Work to be completed:
Reproduce exactly the lines below, starting at the line that contains "Çeşme, yeni yıla coşkuyla ‘merhaba’ dedi!" and ending with the last line of the records, both included; leave out any pictures.
+++ Available data
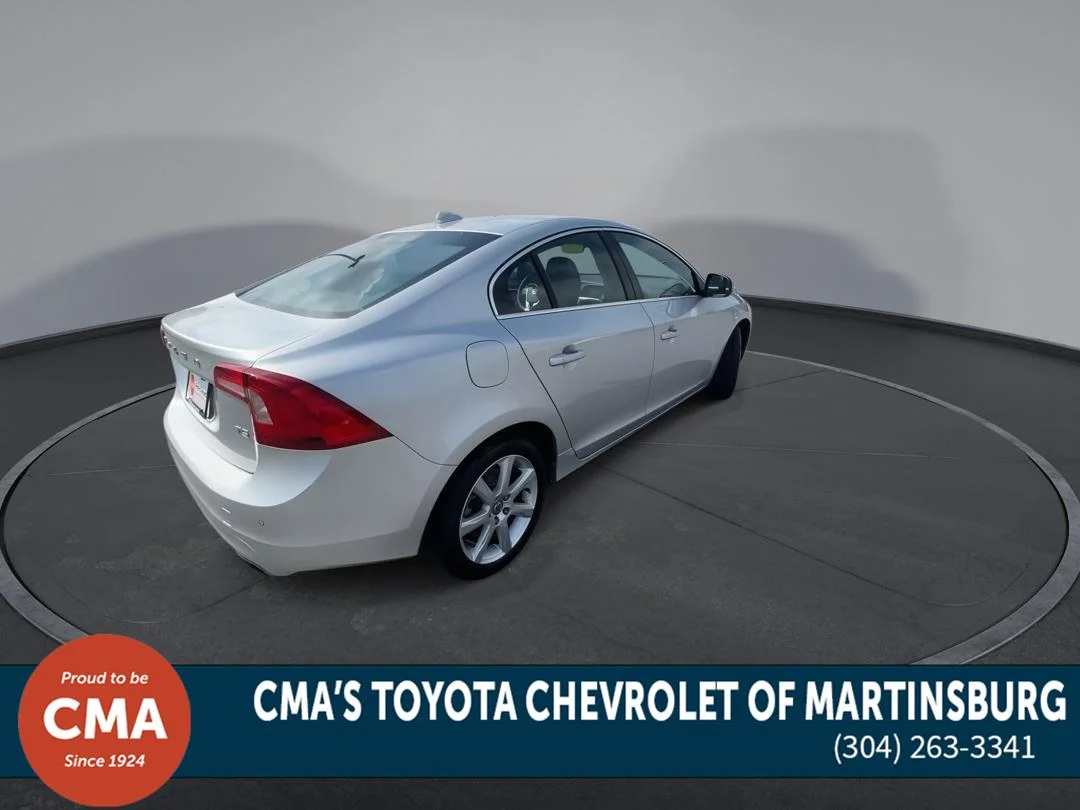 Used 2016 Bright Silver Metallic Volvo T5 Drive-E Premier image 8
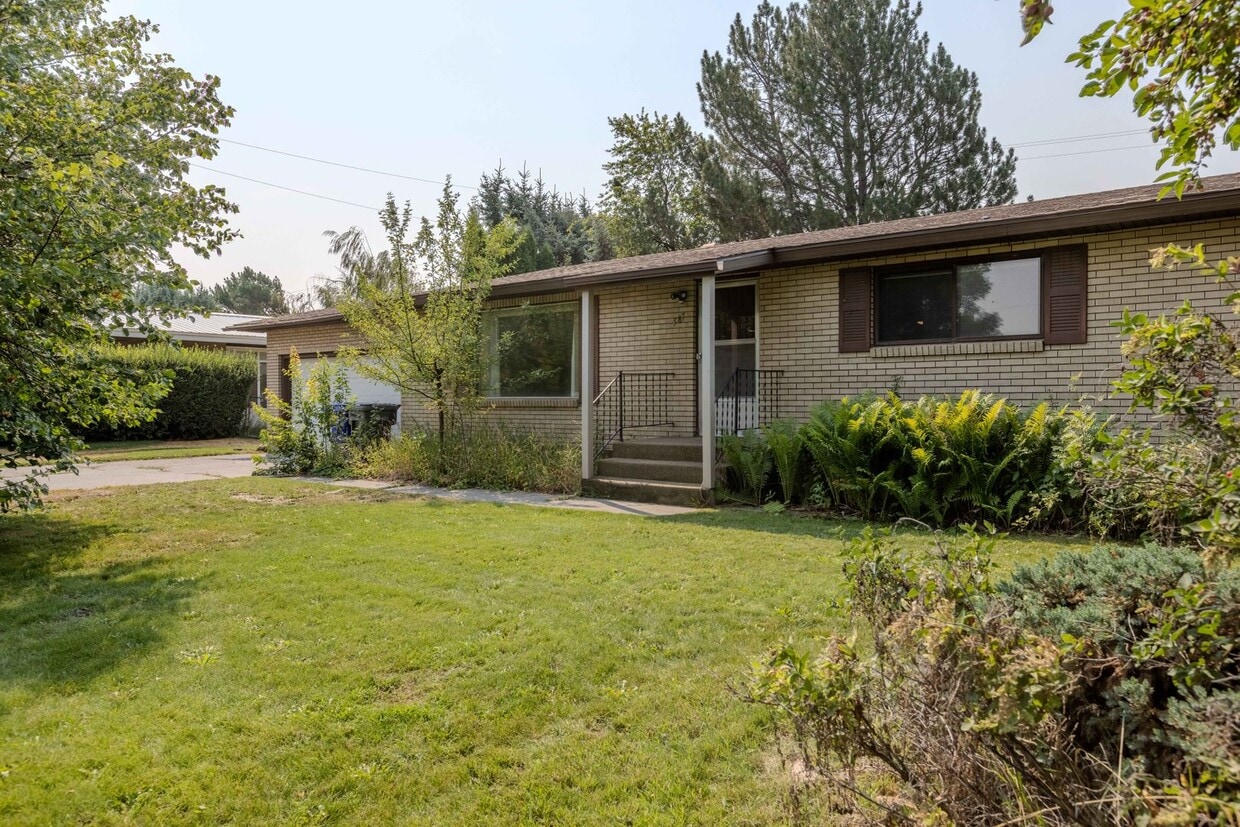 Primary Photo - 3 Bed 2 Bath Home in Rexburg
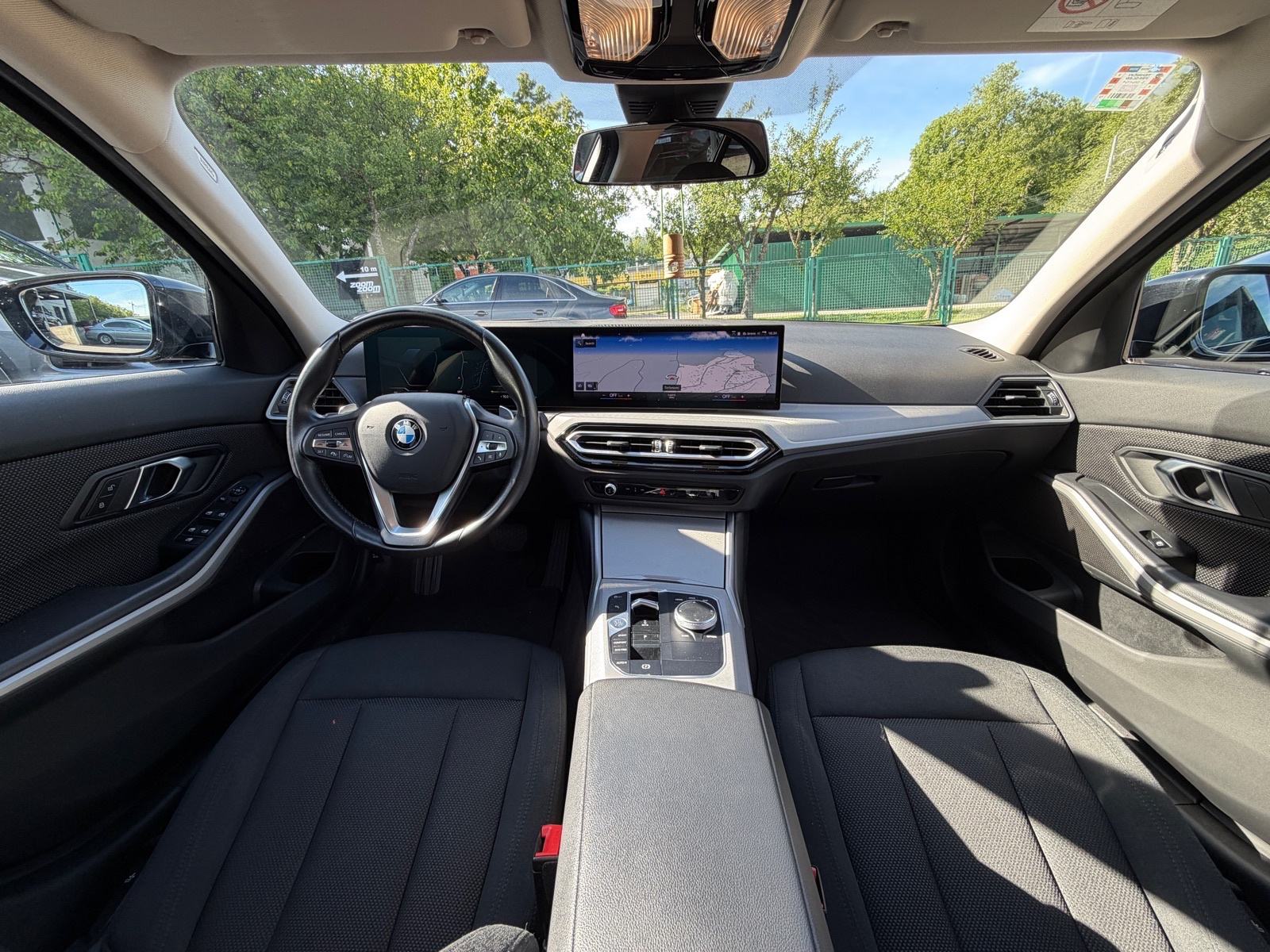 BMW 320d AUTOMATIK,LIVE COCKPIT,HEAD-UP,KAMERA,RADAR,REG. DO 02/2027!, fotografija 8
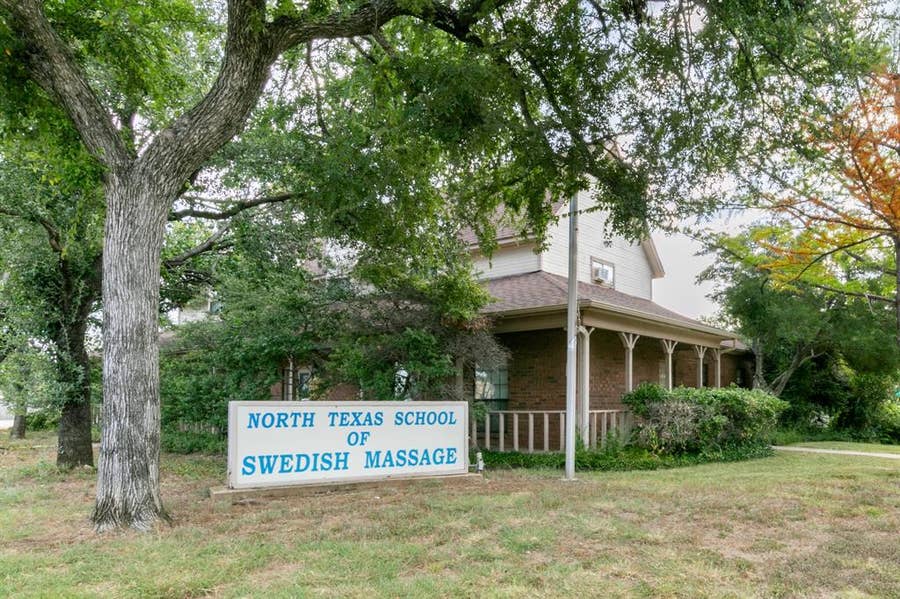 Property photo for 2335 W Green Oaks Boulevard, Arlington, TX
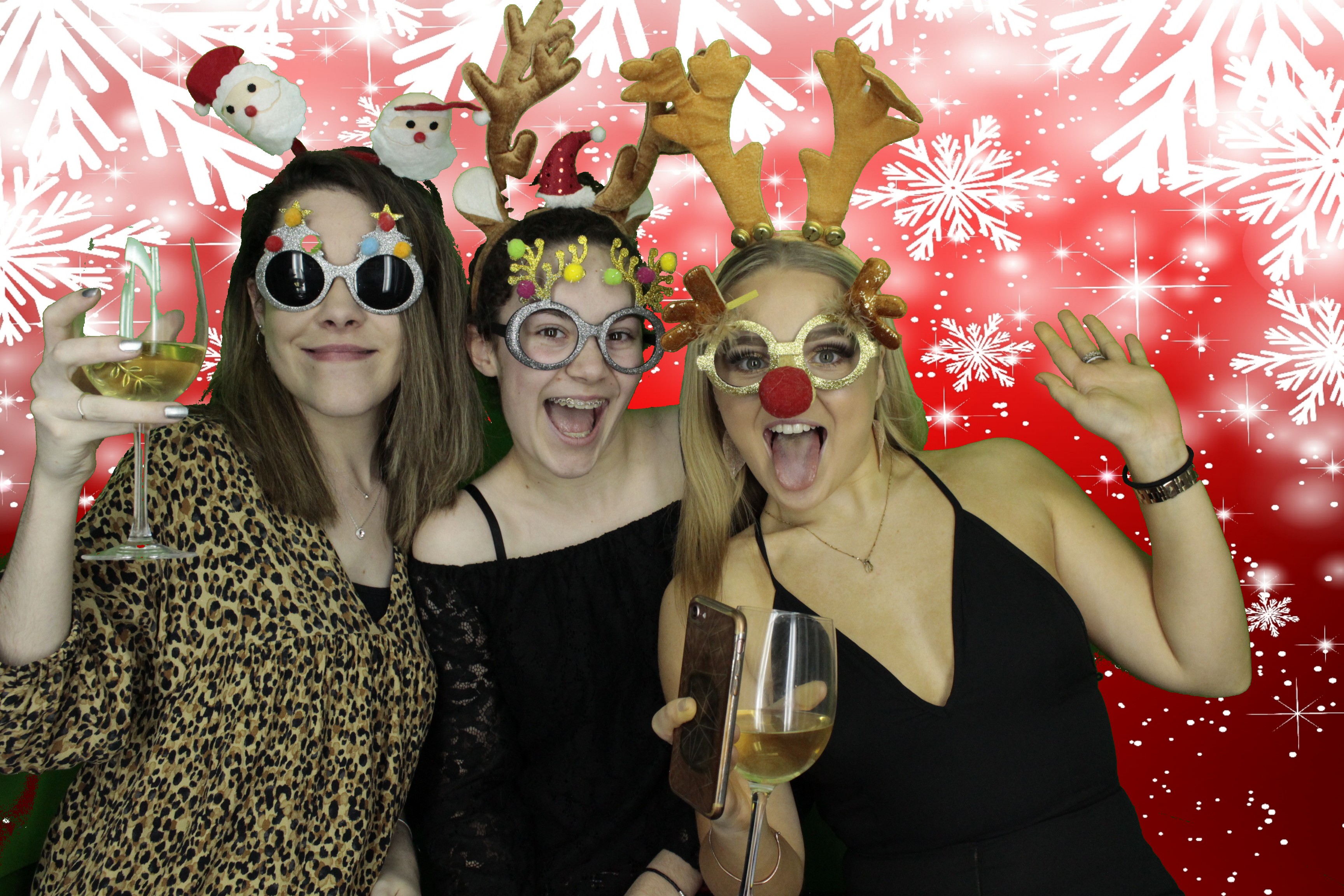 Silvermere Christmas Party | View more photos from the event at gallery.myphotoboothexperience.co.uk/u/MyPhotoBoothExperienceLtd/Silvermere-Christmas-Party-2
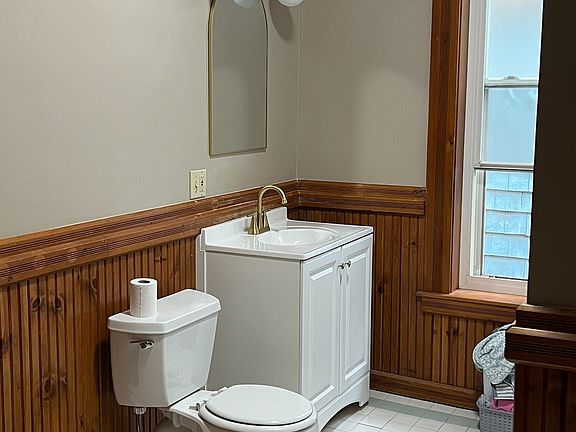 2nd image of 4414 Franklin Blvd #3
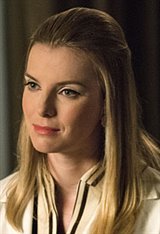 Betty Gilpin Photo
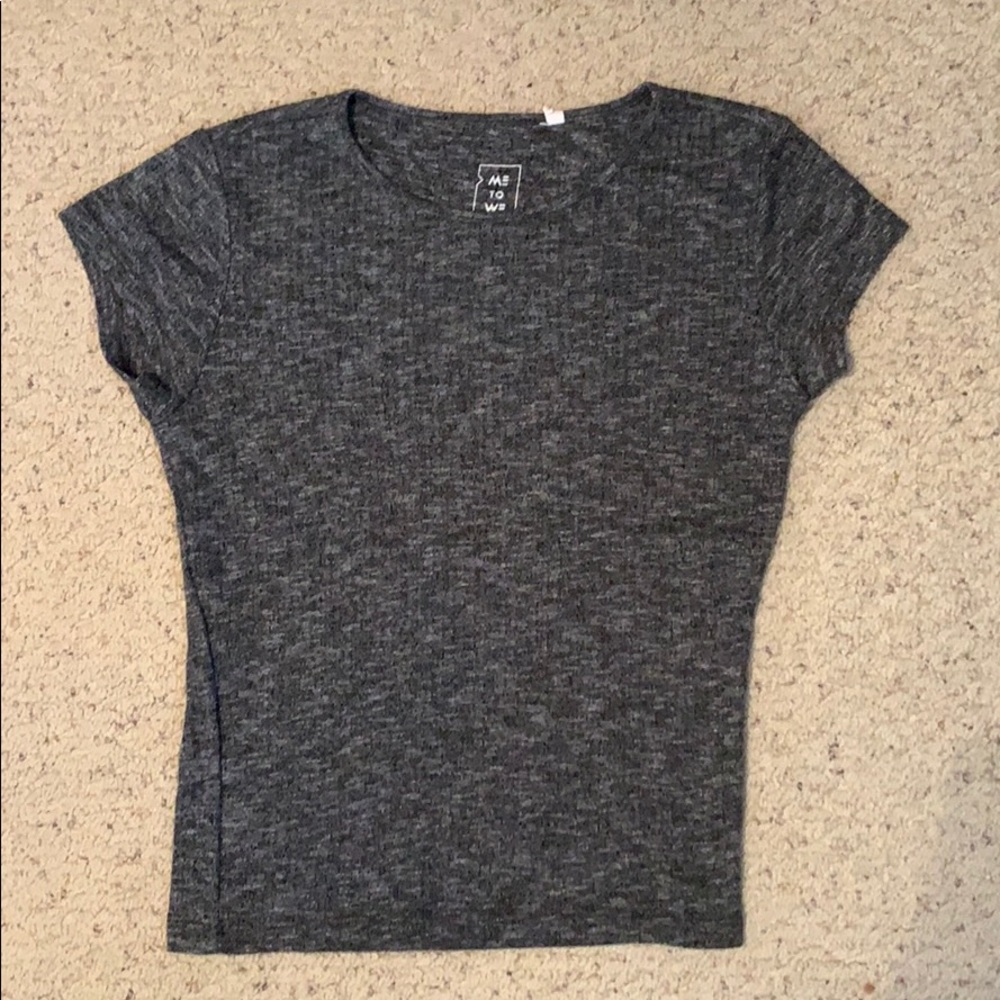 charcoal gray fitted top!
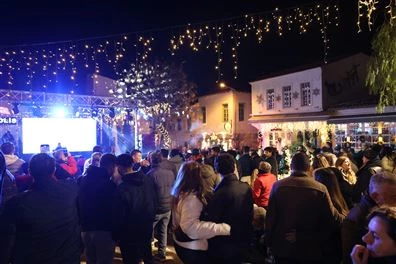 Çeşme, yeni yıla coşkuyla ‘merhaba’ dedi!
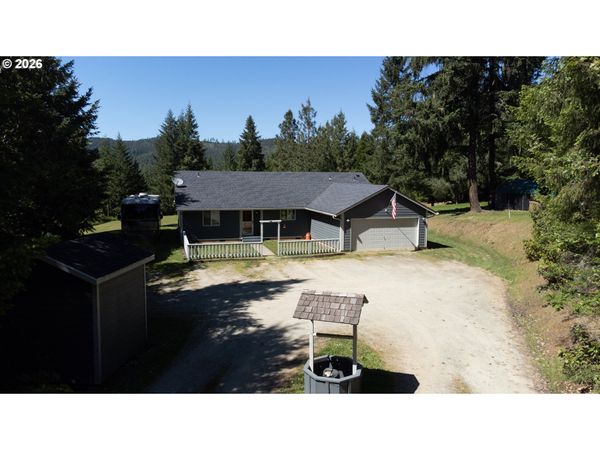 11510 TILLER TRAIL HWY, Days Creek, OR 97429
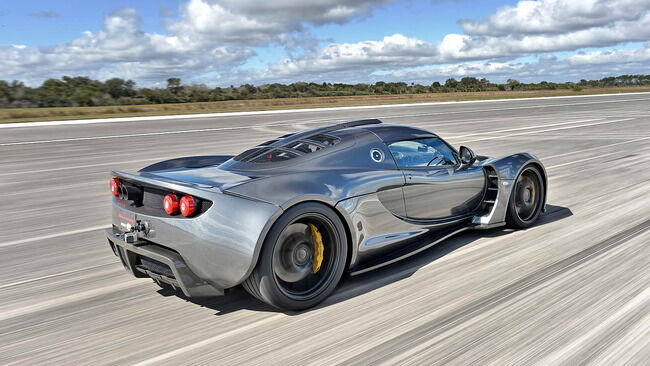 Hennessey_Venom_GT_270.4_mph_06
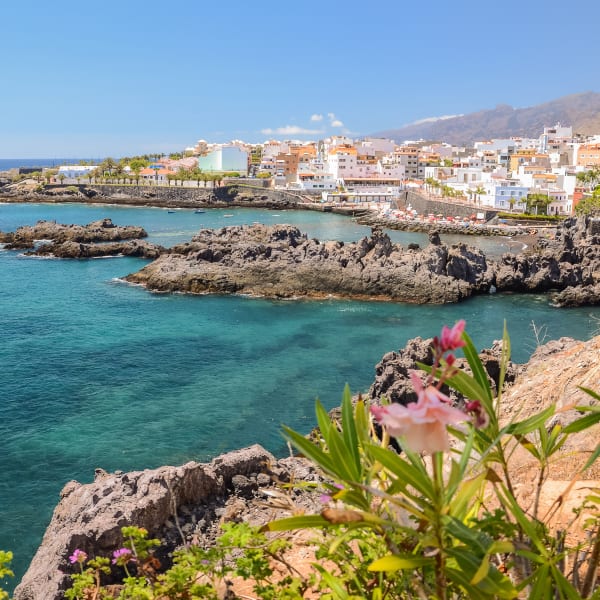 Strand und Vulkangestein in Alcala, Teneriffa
++++++
Task output:
 Çeşme, yeni yıla coşkuyla ‘merhaba’ dedi!
 11510 TILLER TRAIL HWY, Days Creek, OR 97429
 Hennessey_Venom_GT_270.4_mph_06
 Strand und Vulkangestein in Alcala, Teneriffa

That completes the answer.